12pm- after following the worker’s advice and getting a coffee next door, we come back to find a line forming of unhappy people in the same dilemma. Eventually worker advises us to come back another day.
Tomorrow???
Hopefully we’ll have our cards. Then we can actually go meet the doctors we chose off a list at random to see how the system really works. Thankfully the lady with the broken computer gave us a form to fill out delegating one of us to be the other’s representative so we don’t BOTH have to spend a fourth day on this chase.
Then next week we can wait in line again at the office on the edge of town to get Joy’s code fixed to indicate she’s a girl.
My goodness! Things are more complicated there aren’t they? Prng for a smoother process tomorrow!
Oh, Italian bureaucracy!
Hilarious, Rachel, though I know it wasn’t as you were going through it. Ya gotta really want national health to have gone through this system!

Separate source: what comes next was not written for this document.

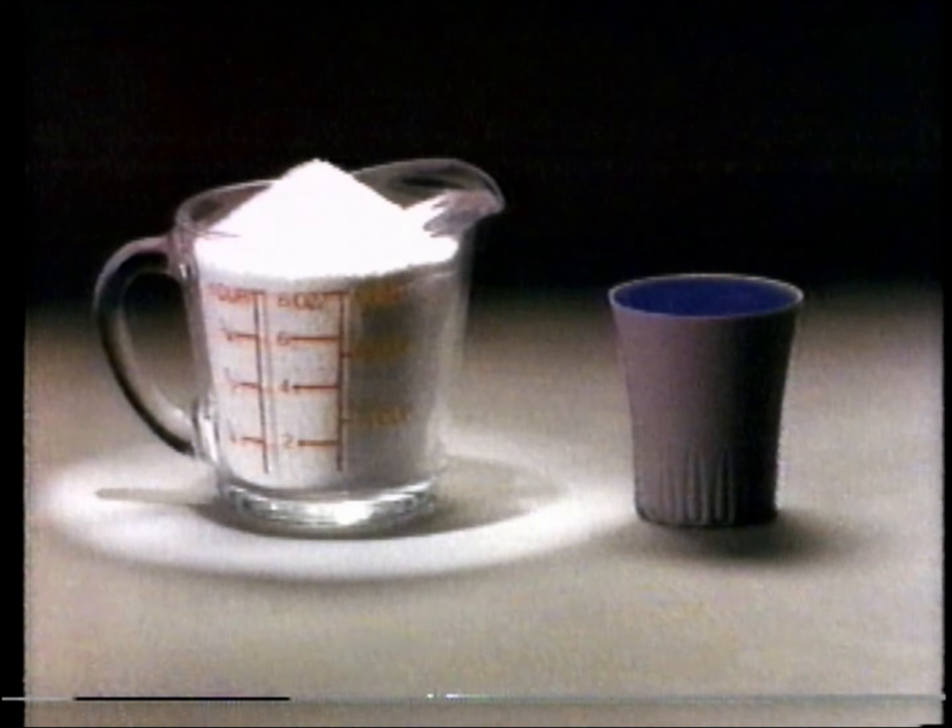You need the Bold Touch. Bold has a cup full of detergent and a cap full of fabric softener combined in each wash.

As I read your post, I was reminded of the many times when the computers don’t work in government offices and how my American values of time usage and efficiency get squeezed again, but I’m an alien here in Kenya and I don’t think aliens have many rights, ha, ha.
It took us 9 months to finally get our own Kenya Power account and that, after Darryl had to get a pin number, or somesuch. Easily granted to Kenyans, but to aliens, not so much… I knew I was 5 minutes from receiving our new account number but was then told, there’s a positive balance on that account, we can’t close that account until there’s no money in it. “But,” I replied, “it’s my money on the former tenant’s account. The balance is there so you won’t turn off our power.” Response- c”Come back next month,” groan…
So the day we actually got our very own Kenya Power account, we celebrated with an extra lunch. Don’t ya just love it?
Thanks for sharing, Rachel. Now I hope after all of that agro that you actually get a great doctor(s).
As I neared the end of your story, I realized how tense I was! And just from hearing about it!